Tarantool development patches archive
 help / color / mirror / Atom feed
From: Vladislav Shpilevoy <v.shpilevoy@tarantool.org>
To: tarantool-patches@dev.tarantool.org, sergepetrenko@tarantool.org
Subject: [Tarantool-patches] [PATCH 5/6] raft: auto-commit transactions of the old leader
Date: Wed, 14 Oct 2020 01:28:31 +0200	[thread overview]
Message-ID: <b6e57eecad25c845243568e613ead9c78bacb181.1602631481.git.v.shpilevoy@tarantool.org> (raw)
In-Reply-To: <cover.1602631481.git.v.shpilevoy@tarantool.org>

According to Raft, when a new leader is elected, it should finish
transactions of the old leader. In Raft this is done via adding a
new transaction originated from the new leader.
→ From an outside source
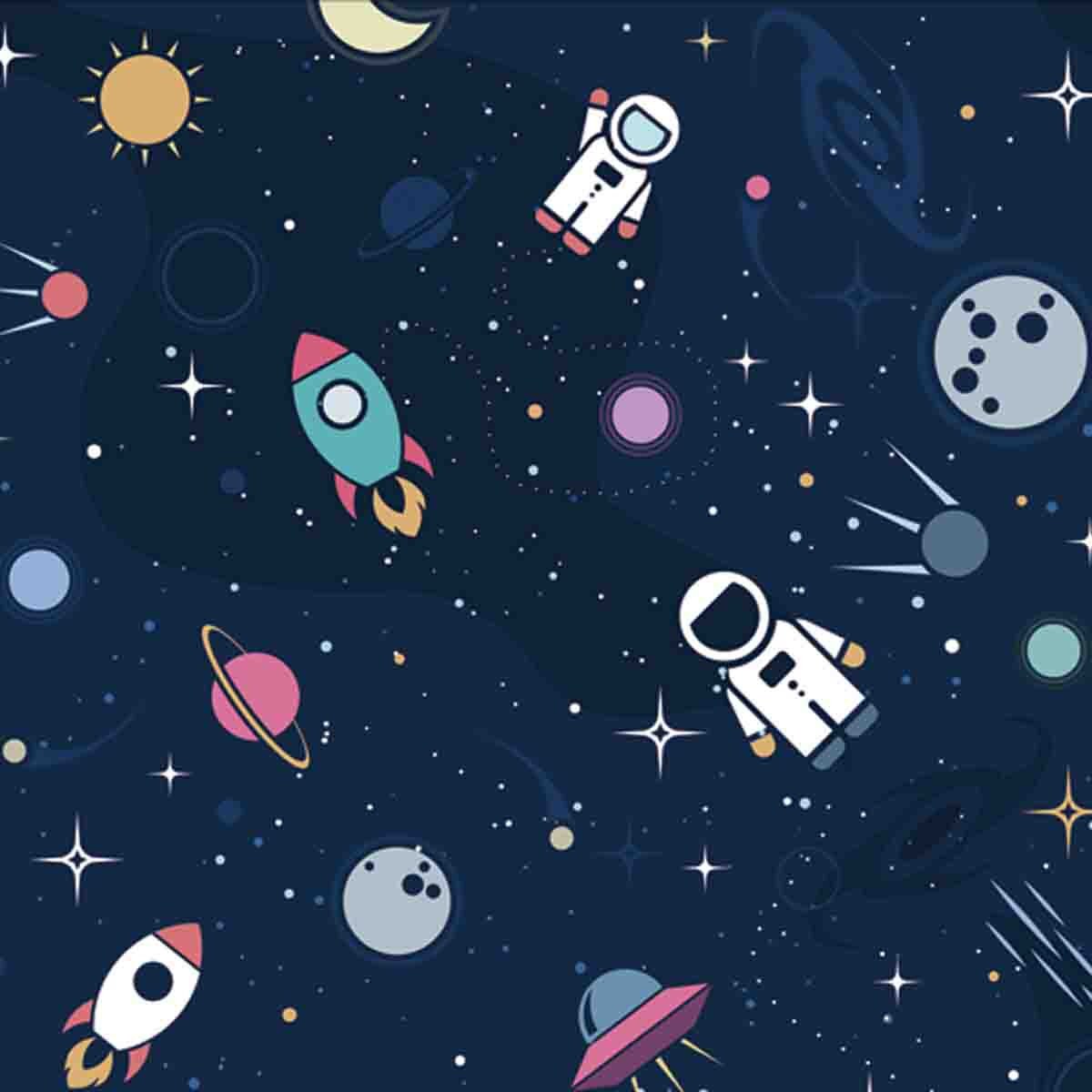 Astronaut, Spaceship, Rocket, Moon, Black Hole, Stars in Outer Space Wallpaper Little Boy Bedroom Mural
In case of Tarantool this can be done without a new transaction
due to WAL format specifics, and the function doing it is called
box_clear_synchro_queue().

Before the patch, when a node was elected as a leader, it didn't
finish the pending transactions. The queue clearance was expected
to be done by a user. There was no any issue with that, just
technical debt. The patch fixes it.

Now when a node becomes a leader, it finished synchronous
transactions of the old leader. This is done a bit differently
than in the public box.ctl.clear_synchro_queue().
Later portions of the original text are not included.